Cada um deles estava à margem de uma revolução industrial que se anunciava, cada um dos nossos “pais fundadores” revoltou-se naquela noite de frio e neve contra a exploração, mas não contra o mercado. Queriam ser menos explorados, mas não menos capitalistas. Naquele dia de quase Natal não foi apenas o cooperativismo que nasceu, foi uma via possível para que o capitalismo pudesse ter um rosto humano, para que homens empreendedores pudessem juntar esforços a partir das suas carências, para que estas se transformassem em oportunidades.

Os pioneiros de Rochdale criaram um modelo que lhes permitiu comprar alimentos e produtos a preços justos, estabelecendo princípios de ajuda mútua, de equidade e de democracia plena. Não tinham recurso ao crédito, o mercado estava demasiado longe, o futuro parecia um lugar distante. Mas o futuro nunca é um lugar distante quando se acredita e se respeita o ciclo da vida.

Reparem, eles encontraram-se uns com os outros a uns poucos dias do Natal, mas isso não é o mais relevante. O que impressiona é a constatação de que se reuniram em pleno Solstício de Inverno, quando a noite é a maior do ano, quando todas as colheitas já foram recolhidas. Aqueles homens marcam o dia da revolução para que não se perca mais tempo, para que o reinício do ciclo da vida se faça sob uma nova ordem. Para eles, era decisivo trabalhar para que, no Equinócio daquele próximo março, quando a luz ameaça derrubar a escuridão e a vida volta a nascer nos campos, as suas famílias tivessem um melhor futuro.

Talvez não imaginassem que não eram apenas as suas famílias, mas milhares e milhares de famílias em todo o mundo.
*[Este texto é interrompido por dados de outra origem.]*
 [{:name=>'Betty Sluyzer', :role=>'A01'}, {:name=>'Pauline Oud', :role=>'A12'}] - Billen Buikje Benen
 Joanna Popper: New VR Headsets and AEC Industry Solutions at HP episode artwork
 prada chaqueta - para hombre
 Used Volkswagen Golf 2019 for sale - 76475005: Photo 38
E neste tempo tão complexo, em que somos assolados por novas incertezas e revoluções imprevisíveis, é importante voltarmo-nos a juntar para que não se perca o que temos de verdadeiramente essencial e distintivo. Quando me perguntam qual é a minha batalha, a resposta é simples. É esta. A de juntar vontades, a de falar da neve de Rochdale quando vinte e oito homens não se conformaram com o seu destino.
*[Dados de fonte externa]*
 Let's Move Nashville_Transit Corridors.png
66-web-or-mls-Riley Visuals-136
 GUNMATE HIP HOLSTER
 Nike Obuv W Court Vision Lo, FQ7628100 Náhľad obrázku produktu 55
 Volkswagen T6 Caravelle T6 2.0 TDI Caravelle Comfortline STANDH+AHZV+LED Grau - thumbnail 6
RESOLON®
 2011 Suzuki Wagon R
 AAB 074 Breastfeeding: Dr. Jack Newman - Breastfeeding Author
O Cooperativismo é o modelo de negócio daqueles que odeiam a pobreza, a exclusão social e a falta de oportunidades e adoro o mercado como solução mais robusta, meritocrática para os problemas económicos.
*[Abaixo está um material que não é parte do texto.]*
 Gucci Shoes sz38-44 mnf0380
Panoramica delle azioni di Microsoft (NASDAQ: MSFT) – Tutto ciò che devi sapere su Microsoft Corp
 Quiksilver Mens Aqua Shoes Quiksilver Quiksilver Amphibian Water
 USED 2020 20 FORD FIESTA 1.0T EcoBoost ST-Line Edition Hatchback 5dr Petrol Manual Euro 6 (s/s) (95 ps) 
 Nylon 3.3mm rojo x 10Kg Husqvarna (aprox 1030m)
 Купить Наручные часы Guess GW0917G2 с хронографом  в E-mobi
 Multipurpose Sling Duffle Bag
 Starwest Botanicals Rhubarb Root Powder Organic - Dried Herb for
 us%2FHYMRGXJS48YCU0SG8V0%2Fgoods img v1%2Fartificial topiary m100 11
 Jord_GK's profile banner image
Não é suportável que cooperativistas não saibam o que é o cooperativismo. Que seja suportável a alguns, aqui e fora daqui, que o modelo cooperativista traia os sete princípios da fundação, que acreditem que podem crescer sem uma boa governance, sem uma gestão democrática, sem equidade ou fraternidade, sem combater o individualismo, sem defender uma verdadeira proximidade.

Estar numa cooperativa é ser parte de um todo. Aceitar que todos nós controlamos e que essa é a primeira e mais eficaz regulação, que estamos perto de todos, que partilhamos os interesses de todos. Ser cooperativista é respeitar os ciclos da vida. É nunca nos esquecermos de que o capitalismo pode e deve ser humano, isso é hoje mais importante do que alguma vez foi. Não é admissível que administradores ou presidentes possam ganhar dez, vinte ou sessenta vezes mais do que o trabalhador menos bem pago, isso é uma traição ao nosso espírito. E também ao Natal.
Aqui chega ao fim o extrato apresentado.